Edit the question to include desired behavior, a specific problem or error, and the shortest code necessary to reproduce the problem. This will help others answer the question.
Closed 4 years ago.
Improve this question
I am trying to write a code for encryption and decryption input text with RC4 in Java.
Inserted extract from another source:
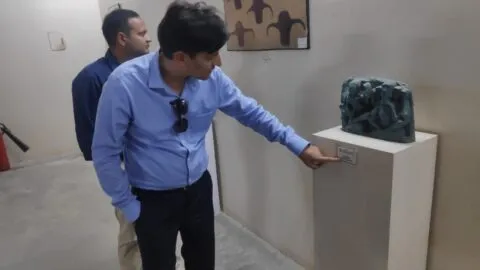 उत्तराखंड : यहां गोरखा कालीन भरुवा बंदूक और अलाउद्दीन खिलजी के समय के सिक्के देख कुमाऊं आयुक्त हुए अभिभूत, फिर दिए यह निर्देश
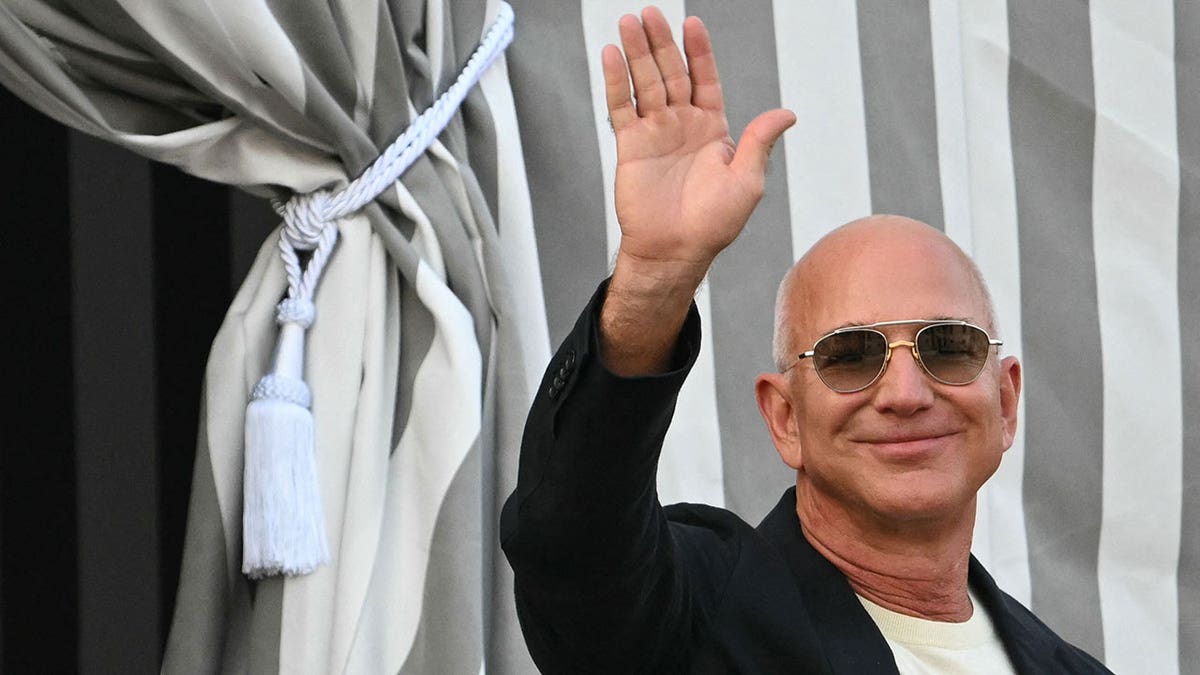 Ex-Washington Post staffer accuses Jeff Bezos of trying to 'survive' Trump rather than save paper at george magazine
Does anyone know how to fix it?
My code:
import java.util.Arrays;
public class RC4 {
private static final int SBOX_LEN = 256;
private static final int MIN_KEY_LEN = 5;
private byte[] key = new byte[SBOX_LEN - 1];
private int[] sbox = new int[SBOX_LEN];
public RC4() {
initialize();
}
public RC4(String key) {
this();
setKey(key);
}
public static void main(String[] args) {
RC4 rc4 = new RC4();
byte[] cipherText = rc4.encryptMessage(args[0], args[1]);
System.out.println(Arrays.toString(cipherText));
String plainText = rc4.decryptMessage(cipherText, args[1]);
System.out.println(plainText);
}
private void initialize() {
Arrays.fill(key, (byte) 0);
Arrays.fill(sbox, 0);
}
public byte[] encryptMessage(String message, String key) {
initialize();
setKey(key);
byte[] crypt = crypt(message.getBytes());
initialize();
return crypt;
}
public String decryptMessage(byte[] message, String key) {
initialize();
setKey(key);
byte[] msg = crypt(message);
initialize();
return new String(msg);
}
public byte[] crypt(final byte[] msg) {
sbox = initializeSBox(key);
byte[] code = new byte[msg.length];
int i = 0;
int j = 0;
for (int n = 0; n < msg.length; n++) {
i = (i + 1) % SBOX_LEN;
j = (j + sbox[i]) % SBOX_LEN;
swap(i, j, sbox);
int rand = sbox[(sbox[i] + sbox[j]) % SBOX_LEN];
code[n] = (byte) (rand ^ msg[n]);
}
return code;
}
private int[] initializeSBox(byte[] key) {
int[] sbox = new int[SBOX_LEN];
int j = 0;
for (int i = 0; i < SBOX_LEN; i++) {
sbox[i] = i;
}
for (int i = 0; i < SBOX_LEN; i++) {
j = ((j + sbox[i] + (key[i % key.length])) & 0xFF) % SBOX_LEN;
swap(i, j, sbox);
}
return sbox;
}
private void swap(int i, int j, int[] sbox) {
int temp = sbox[i];
sbox[i] = sbox[j];
sbox[j] = temp;
}
public void setKey(String key) {
if (!((key.length() >= MIN_KEY_LEN) && (key.length() < SBOX_LEN))) {
throw new RuntimeException(String.format("Key length must be between %d and %d", MIN_KEY_LEN, SBOX_LEN - 1));
}
this.key = key.getBytes();
}
}
RC4 is a broken algorithm and recommendation is to not use the same anymore if the data is to be kept highly secure.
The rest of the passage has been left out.